The investigation was triggered by NOAA’s official declaration of an “unusual mortality event” for the eastern North Pacific population of gray whales, a designation the agency defines as an unexpected and significant die-off of any marine mammal group. More than 60 of these events have been declared since 1991.
Seventy gray whale carcasses have been spotted along the coasts of California, Oregon, Washington and Alaska since January, according to the National Marine Fisheries Service. That’s the highest number since 2000, when more than 100 gray whales were reported dead.
Thirty-seven deceased whales have been found in California, including in Long Beach, Los Angeles and San Francisco Bay.
Most whales sink when they die or succumb in remote areas, so the sightings represent only a small fraction of the total number of deaths that may be occurring. Scientists said they expect to see whale deaths increase even more throughout the summer as the animals continue their migration from warm breeding lagoons in Mexico to icy feeding grounds in the Arctic.
NOAA’s investigative team will include gray whale experts, oceanographers and scientists who study the Arctic ecosystem, officials said.
“The significant die-off of these animals we’ve seen this year demands an investigation,” said Dr. Deborah Fauquier, a veterinary medical officer with the national fisheries service’s Office of Protected Resources in Silver Spring, Md.
John Calambokidis, a research biologist who tracks gray whales in Washington state, served on the panel that recommended the “unusual mortality event” designation. However, he emphasized that the uptick hasn’t yet reached a level that threatens the entire population of gray whales along the West Coast, which is estimated to number around 27,000.
Calambokidis pointed out that the population rebounded from an unusual mortality event in 1999 and 2000 that was estimated to have resulted in about 6,000 whale deaths.
“This is really important to investigate, both to understand the scope of it and to better understand the causes, but I’m not alarmed,” he said. “We’re dealing with a population that overall has been very healthy and doing well.”
Scientists this year have seen dozens of gray whales showing signs of emaciation, with less muscle mass behind their heads.
When gray whales begin to swim north in late winter — a migration that continues through the spring and summer — their bodies are already under nutritional distress because they haven’t eaten for months, said Dave Weller, a research wildlife biologist with NOAA’s Southwest Fisheries Science Center in La Jolla.
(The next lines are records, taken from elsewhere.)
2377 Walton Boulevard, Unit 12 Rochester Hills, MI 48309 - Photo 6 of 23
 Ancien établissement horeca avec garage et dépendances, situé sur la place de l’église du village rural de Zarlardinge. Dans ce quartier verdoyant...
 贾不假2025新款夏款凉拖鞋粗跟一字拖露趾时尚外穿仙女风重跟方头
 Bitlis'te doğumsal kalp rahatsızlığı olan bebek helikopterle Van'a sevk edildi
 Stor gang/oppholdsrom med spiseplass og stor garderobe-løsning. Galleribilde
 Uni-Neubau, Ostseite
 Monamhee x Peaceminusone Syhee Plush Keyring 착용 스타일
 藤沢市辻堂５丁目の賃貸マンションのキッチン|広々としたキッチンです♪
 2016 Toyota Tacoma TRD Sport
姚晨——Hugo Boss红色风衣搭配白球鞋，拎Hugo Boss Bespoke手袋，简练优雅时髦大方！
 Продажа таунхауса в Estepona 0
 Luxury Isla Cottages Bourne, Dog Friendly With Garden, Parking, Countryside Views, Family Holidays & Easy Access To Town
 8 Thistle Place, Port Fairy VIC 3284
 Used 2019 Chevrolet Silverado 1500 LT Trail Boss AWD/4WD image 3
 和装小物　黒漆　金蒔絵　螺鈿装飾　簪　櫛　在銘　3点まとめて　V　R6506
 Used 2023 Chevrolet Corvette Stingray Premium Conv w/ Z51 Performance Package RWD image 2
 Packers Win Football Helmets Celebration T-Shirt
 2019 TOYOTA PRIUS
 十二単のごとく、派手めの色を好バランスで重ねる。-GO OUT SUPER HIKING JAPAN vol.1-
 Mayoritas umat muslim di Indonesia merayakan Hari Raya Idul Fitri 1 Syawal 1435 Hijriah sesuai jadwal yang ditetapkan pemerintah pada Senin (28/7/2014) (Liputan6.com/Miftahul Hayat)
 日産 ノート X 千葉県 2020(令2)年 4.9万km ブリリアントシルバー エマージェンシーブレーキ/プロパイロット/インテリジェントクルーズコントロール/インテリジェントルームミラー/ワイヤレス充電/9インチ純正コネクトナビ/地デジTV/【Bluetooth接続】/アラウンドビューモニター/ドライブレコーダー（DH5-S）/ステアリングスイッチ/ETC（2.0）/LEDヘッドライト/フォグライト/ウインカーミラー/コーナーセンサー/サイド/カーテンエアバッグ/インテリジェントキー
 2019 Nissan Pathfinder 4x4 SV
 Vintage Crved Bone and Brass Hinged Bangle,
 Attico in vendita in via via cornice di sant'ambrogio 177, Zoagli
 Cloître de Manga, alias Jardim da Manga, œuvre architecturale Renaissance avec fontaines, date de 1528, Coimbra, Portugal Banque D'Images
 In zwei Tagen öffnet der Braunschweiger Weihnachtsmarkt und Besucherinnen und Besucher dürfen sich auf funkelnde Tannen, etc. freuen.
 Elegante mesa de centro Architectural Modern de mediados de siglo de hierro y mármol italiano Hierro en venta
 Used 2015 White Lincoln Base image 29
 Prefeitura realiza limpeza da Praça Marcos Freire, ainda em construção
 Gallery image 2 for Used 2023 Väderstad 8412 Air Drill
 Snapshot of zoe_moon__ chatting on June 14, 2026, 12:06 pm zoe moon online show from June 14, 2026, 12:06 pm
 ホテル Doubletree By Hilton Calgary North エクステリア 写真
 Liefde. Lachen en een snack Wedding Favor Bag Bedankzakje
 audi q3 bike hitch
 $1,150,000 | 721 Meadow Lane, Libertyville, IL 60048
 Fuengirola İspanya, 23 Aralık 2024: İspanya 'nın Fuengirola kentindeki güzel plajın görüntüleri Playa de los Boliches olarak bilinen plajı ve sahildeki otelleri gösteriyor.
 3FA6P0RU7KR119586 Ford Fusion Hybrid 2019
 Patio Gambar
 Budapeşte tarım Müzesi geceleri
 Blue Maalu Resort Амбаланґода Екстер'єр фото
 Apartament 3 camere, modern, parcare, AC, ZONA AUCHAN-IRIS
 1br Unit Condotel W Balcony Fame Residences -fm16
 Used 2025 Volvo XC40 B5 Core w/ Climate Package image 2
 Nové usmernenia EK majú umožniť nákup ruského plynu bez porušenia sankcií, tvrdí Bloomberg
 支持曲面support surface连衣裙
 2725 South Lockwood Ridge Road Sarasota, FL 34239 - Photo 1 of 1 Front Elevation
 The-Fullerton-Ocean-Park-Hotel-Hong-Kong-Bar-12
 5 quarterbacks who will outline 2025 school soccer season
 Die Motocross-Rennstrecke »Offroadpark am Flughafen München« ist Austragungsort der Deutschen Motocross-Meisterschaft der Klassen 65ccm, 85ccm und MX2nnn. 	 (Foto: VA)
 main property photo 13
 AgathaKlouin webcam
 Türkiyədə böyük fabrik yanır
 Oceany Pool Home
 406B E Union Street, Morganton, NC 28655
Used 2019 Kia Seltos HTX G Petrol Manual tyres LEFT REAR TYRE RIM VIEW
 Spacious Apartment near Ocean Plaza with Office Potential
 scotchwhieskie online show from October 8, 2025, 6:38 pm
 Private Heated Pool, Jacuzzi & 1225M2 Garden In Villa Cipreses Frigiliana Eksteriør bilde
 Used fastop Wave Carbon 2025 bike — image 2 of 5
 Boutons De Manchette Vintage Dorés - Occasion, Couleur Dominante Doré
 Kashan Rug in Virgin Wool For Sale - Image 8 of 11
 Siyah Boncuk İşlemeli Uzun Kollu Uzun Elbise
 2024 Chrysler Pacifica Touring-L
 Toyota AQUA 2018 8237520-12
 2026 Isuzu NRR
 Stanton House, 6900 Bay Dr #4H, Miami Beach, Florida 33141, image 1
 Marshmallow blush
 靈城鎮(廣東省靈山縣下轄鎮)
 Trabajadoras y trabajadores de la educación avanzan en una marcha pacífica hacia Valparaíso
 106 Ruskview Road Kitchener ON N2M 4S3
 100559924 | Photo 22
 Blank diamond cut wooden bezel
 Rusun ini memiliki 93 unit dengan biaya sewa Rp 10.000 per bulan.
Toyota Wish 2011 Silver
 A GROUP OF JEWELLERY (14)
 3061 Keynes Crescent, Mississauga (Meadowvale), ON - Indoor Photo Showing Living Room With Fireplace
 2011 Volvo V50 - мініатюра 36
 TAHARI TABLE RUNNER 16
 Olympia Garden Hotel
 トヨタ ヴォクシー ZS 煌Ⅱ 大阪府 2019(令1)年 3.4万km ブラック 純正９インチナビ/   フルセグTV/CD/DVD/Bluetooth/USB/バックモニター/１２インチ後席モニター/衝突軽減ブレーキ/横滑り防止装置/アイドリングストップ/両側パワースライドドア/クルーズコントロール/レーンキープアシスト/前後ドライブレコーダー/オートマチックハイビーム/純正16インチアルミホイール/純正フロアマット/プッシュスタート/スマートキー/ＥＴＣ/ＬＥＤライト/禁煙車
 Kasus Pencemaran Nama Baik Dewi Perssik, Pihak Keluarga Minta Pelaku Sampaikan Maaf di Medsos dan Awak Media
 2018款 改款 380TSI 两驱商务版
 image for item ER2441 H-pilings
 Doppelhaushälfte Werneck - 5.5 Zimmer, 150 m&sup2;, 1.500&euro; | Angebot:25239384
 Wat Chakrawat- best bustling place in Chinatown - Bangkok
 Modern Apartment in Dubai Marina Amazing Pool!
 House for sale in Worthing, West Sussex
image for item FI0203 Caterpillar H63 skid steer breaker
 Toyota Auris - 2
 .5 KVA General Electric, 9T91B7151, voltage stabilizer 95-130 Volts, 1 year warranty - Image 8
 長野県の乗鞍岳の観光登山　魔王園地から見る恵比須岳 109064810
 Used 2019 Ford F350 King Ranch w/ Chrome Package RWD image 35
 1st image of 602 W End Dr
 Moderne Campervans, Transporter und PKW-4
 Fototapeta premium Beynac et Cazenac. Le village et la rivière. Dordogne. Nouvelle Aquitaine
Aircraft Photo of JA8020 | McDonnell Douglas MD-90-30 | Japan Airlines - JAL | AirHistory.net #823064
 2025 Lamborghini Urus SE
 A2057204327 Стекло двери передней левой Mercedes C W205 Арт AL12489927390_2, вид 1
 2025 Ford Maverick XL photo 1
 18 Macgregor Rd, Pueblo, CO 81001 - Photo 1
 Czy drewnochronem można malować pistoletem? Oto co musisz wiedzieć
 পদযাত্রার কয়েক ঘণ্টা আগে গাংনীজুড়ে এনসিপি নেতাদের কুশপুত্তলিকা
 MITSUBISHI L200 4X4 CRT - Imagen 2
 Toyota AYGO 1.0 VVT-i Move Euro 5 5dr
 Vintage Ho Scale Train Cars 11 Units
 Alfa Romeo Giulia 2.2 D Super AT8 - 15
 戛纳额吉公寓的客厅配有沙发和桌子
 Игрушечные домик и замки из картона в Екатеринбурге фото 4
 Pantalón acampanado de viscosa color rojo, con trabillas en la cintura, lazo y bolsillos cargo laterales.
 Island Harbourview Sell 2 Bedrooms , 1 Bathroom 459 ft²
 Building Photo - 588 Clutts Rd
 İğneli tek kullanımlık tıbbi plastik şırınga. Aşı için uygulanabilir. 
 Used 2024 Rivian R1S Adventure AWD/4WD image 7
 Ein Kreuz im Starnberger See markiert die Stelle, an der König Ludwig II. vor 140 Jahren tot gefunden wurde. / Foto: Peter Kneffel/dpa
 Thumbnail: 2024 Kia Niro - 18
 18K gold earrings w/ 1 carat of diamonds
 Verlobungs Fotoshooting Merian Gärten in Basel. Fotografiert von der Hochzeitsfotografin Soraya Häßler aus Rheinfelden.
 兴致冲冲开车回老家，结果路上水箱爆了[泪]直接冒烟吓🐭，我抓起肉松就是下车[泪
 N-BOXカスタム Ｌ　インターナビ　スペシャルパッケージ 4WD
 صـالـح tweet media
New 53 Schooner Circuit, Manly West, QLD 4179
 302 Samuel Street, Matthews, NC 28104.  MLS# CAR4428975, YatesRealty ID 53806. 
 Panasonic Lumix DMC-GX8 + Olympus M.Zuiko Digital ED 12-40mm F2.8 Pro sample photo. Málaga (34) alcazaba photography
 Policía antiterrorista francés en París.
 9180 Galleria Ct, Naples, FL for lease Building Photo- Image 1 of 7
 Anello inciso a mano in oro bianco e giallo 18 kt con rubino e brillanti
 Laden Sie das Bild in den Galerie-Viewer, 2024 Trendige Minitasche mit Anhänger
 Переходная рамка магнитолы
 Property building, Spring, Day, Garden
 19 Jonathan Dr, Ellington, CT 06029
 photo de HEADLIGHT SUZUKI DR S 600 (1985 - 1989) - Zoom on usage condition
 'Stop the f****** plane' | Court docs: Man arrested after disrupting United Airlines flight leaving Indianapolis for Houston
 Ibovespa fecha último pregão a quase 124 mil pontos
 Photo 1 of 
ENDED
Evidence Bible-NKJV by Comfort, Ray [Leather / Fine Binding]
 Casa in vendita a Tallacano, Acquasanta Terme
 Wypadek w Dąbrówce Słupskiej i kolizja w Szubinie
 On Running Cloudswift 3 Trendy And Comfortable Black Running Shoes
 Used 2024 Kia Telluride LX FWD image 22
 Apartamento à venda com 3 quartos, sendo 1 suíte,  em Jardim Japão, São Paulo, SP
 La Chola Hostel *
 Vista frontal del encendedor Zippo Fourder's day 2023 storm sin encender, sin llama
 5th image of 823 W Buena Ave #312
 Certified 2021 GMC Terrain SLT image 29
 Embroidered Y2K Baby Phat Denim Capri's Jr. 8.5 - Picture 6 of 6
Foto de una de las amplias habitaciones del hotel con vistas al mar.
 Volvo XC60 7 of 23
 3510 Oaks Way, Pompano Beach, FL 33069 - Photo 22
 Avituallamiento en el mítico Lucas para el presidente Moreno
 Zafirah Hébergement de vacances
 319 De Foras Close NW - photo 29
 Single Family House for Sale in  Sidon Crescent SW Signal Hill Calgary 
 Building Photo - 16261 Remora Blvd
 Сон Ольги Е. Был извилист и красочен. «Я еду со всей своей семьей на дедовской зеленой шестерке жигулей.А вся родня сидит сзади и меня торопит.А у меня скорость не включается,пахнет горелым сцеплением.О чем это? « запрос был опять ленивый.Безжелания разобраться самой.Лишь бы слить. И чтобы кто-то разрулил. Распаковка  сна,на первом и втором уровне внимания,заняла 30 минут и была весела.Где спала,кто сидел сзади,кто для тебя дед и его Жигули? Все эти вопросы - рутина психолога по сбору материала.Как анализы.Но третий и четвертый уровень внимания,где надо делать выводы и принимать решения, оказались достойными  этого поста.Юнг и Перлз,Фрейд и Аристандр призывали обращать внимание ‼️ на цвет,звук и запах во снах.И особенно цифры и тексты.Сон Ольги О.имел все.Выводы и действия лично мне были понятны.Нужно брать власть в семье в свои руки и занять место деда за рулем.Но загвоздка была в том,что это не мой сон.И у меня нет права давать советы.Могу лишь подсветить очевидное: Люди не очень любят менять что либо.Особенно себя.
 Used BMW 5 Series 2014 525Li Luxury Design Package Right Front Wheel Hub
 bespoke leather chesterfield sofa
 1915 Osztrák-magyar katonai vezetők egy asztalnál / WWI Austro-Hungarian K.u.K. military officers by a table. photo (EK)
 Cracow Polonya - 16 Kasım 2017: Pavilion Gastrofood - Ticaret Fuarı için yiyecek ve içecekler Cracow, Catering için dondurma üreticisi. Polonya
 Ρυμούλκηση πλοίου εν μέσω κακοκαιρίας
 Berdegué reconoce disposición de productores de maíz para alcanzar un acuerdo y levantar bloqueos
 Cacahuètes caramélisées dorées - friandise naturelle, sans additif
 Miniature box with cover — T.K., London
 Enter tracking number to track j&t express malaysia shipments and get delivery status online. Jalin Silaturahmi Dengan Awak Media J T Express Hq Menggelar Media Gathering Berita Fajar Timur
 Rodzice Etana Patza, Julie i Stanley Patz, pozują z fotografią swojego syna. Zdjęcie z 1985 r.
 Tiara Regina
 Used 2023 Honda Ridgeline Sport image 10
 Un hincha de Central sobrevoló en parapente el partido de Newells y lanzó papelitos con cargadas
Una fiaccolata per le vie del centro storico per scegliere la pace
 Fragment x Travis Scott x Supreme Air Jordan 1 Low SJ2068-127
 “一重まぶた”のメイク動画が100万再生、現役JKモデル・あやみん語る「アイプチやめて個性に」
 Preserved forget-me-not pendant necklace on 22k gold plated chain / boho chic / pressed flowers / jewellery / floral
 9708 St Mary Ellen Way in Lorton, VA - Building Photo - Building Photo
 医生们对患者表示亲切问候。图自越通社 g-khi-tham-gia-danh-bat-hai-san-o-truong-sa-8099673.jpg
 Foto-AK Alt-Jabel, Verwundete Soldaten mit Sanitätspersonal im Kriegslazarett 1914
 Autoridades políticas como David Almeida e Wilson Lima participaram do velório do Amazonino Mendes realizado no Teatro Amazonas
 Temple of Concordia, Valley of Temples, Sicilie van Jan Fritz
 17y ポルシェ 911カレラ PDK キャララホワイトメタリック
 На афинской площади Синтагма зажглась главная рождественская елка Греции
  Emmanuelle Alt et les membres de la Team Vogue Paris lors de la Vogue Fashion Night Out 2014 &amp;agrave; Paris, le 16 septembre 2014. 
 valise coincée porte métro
But this year has been unusual.
“We expect animals to be on the thin side, but not necessarily emaciated,” he said.
Weller said he suspects the whales might not have gotten enough to eat last summer when they were in the Arctic.
Among other things, NOAA’s investigative team will look at whether ecological conditions in the Arctic region, including the retreat of sea ice, are affecting the whales’ food supply.
Sue Moore, a biological oceanographer at the University of Washington who served on the panel that designated the unusual mortality event, said scientists are studying the relationship between sea ice and the tiny crustaceans called amphipods that gray whales eat.
“The whales may have to shift to other prey, such as krill,” she said.
Fauquier said determining the cause of the gray whale deaths could take several months to a year, if not more. Scientists were never able to determine a cause for the die-off in 1999-2000, partly because they lacked diagnostic samples from the whales, she said.
Back then, researchers conducted fewer than 10 necropsies of gray whales. This year, they’ve already conducted at least 20.
“We’ve been much more successful at being able to necropsy animals and collect samples for this event,” she said.